Alcohol-addicted non-smokers showed the highest and most widespread differences from controls at the 10-day assessment versus the 3-day and 4-week assessments, whereas the alcohol-addicted smokers had a more consistent pattern of differences from controls across all assessment time points. In the alcohol-addicted smokers, higher GABAA receptor availability was correlated with more craving for alcohol and cigarettes . Overall, GABA was less studied than glutamate. MRS studies suggested lower GABA concentrations in abusers of alcohol, nicotine, and cocaine, which was also the typical direction of MRS effects for glutamate. Perhaps due to availability of more radiotracers, and/or because of their availability for a longer period of time, there were more PET/SPECT studies related to GABA than for glutamate, particularly for alcohol . These studies generally showed decreased GABAA receptor availability/distribution volume in the addicted individuals compared with controls. Nicotine, however, showed an opposite pattern of effects. History of smoking was not only associated with higher GABAA receptor availability on its own, but smoking also modulated the early abstinence course of individuals with alcohol dependence. Interestingly, the effects of smoking on alcohol dependence showed an opposite pattern of effects to that of glutamate. Examining the joint effects of smoking and alcohol abuse, while incorporating markers of both glutamate and GABA neurotransmission,vertical farming startup will be an interesting and important direction for future research. It is also important to note that, similarly to glutamate, GABA effects appeared to be sensitive to study participant characteristics, such as the length of abstinence and/or drugrelated medical diseases .

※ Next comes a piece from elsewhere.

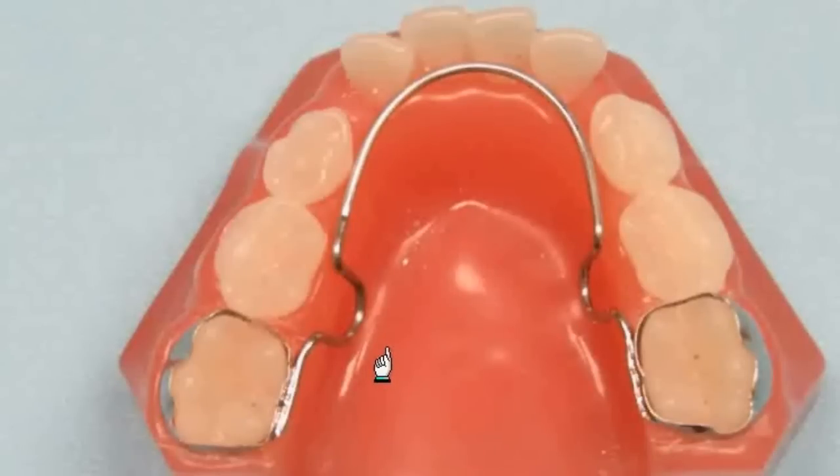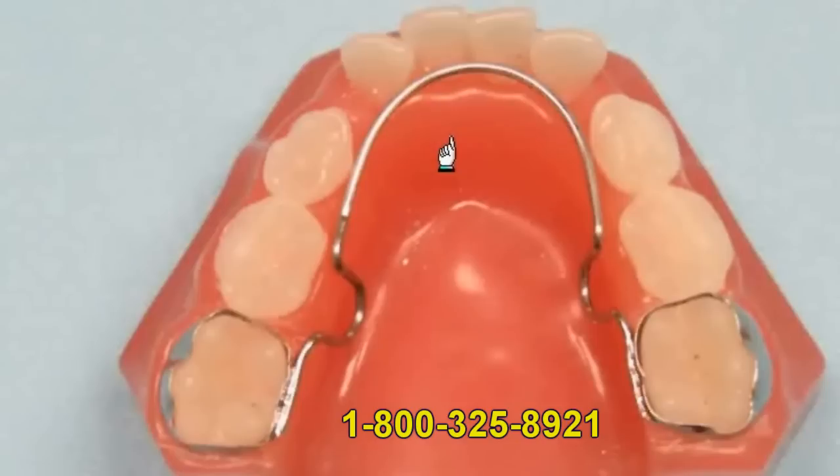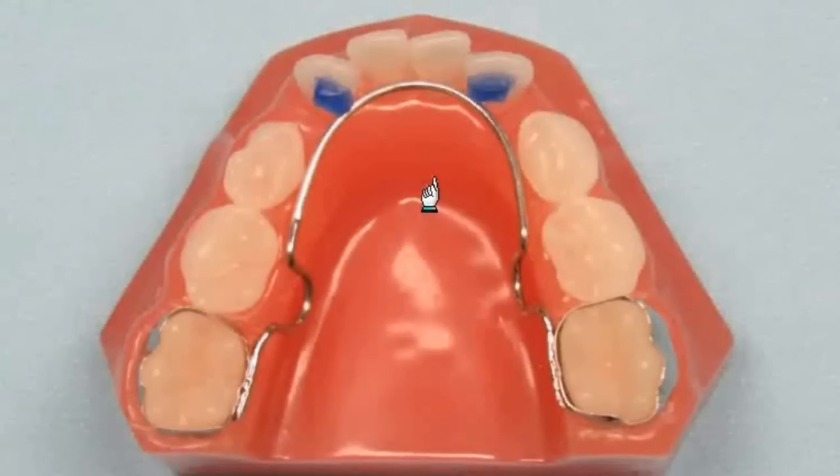Another addition to the lingual arch are loops. Some doctors like to add loops mesial to the first molars to allow for some adjustments. In some cases, you may want to flare the anteriors forward to recapture arch length that may have already been lost. This occurs most often when the cuspids are lost early. The anteriors may move lingual and the space for the permanent cuspids can be lost. The lingual arch will prevent any additional space loss and the loops can be activated to move the anteriors back to their correct position so there's room for the cuspids to erupt properly. You may want to add a small amount of composite to the lingual of the anterior teeth to create a shelf or undercut to prevent the wire from riding up the lingual of the teeth. The composite will make sure the force is directed properly so you get the most efficient movement possible.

We did not locate any PET/SPECT studies labeling the GABAB receptor, which unlike the fast ligand-gated action of the GABAA receptor, is instead associated with long-term modulation through G protein regulated gene transcription and protein synthesis . More research, both MRS and PET, is also needed in opiates, methamphetamine, and cannabis.A large literature has examined RSFC deficits in drug addiction , and we did not reprise all of this important work here. Rather, our current goal was to provide evidence that some of the same regions implicated in glutamate and GABA MRS and PET studies in addiction are also functionally disrupted as revealed by RSFC. We focused on studies that examined RSFC differences between addicted individuals and healthy controls [using approaches that were seed-based and/or whole-brain or the graph theory-based metric degree ] in the ACC extending into the dorsomedial and/or ventromedial PFC, insula, and striatum . The rationales for focusing on these regions are as follows. The ACC and adjacent medial PFC form part of the default mode network , which is activated during the resting state . Moreover, the resting state is a condition replete with mind-wandering and self-generated thinking , and these self-referential functions have been linked with activation of cortical midline regions, including the pACC and medial PFC, in healthy individuals and addicted individuals . Thus, although larger regions, such as the ACC and medial PFC, have sometimes been selected as regions of interest in MRS studies for practical reasons , effects in these regions are nonetheless highly anticipated for both MRS studies and RSFC studies; recent combined fMRI-MRS studies in healthy participants further speak to this point . The insula has a critical role in mediating interoception and the detection of behaviorally relevant stimuli . In drug addiction, these functions subserved by the insula appear vital for the experience of drug craving.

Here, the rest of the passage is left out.